Although patients improve after one treatment, repeated treatments produce even greater clinical efficacy, particularly with respect to changes in Migraine Disability Assessment (MIDAS) scores. Three treatments of botulinum toxin type A over a 9-month period should be considered adequate to determine whether the patient will or will not be a responder to botulinum toxin therapy. To insure appropriate expectations, patients should be advised about the progressive efficacy of repeated treatments. Each successive treatment may involve higher doses and varied combinations of fixed-site and follow-the-pain approaches.

Botulinum toxin type A therapy may be effective in the management of chronic daily headache. The technique of injection involves a fixed-site approach for migrainous headaches, as for the first case, with the addition of a follow-the-pain approach for headaches with tension-type features. Follow-the-pain injection sites include the frontalis, temporalis, occipitalis, trapezius, splenius capitus, suboccipital, and cervical paraspinal muscles. Injection sites are identified by history ("Where does it hurt when you have a headache? " and "Show me with your hands where the pain is."), and by examination of the cervical-shoulder girdle and temporomandibular musculature. The doses injected in the cervical-shoulder girdle muscles are kept low, so as to prevent any possible weakness.

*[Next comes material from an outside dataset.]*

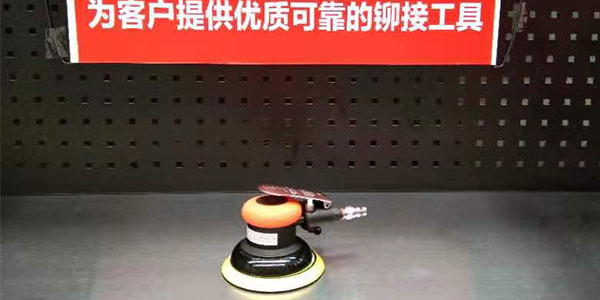 氣動打磨機十大品牌|氣動打磨機品牌該如何發展[速耐打磨機]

For all types of headache, the dose of botulinum toxin type A is in the range of 50 to 100 units. The technique of delivering small doses at multiple sites reduces the occurrence of side effects and controls head pain effectively. To achieve this, a dilution of 4 mL of normal saline to 100 units of botulinum toxin type A is used. The dose at each site is 2.5 (0.1cc) to 5 units (0.2 cc). The injections are administered intramuscularly to limit discomfort and side effects imported by soft tissue diffusion. Intradermal injections may produce a similar clinical improvement but tend to be more uncomfortable. Owing to the potential risk of antibody development, botulinum toxin type A treatments should not be repeated more frequently than every 3 months.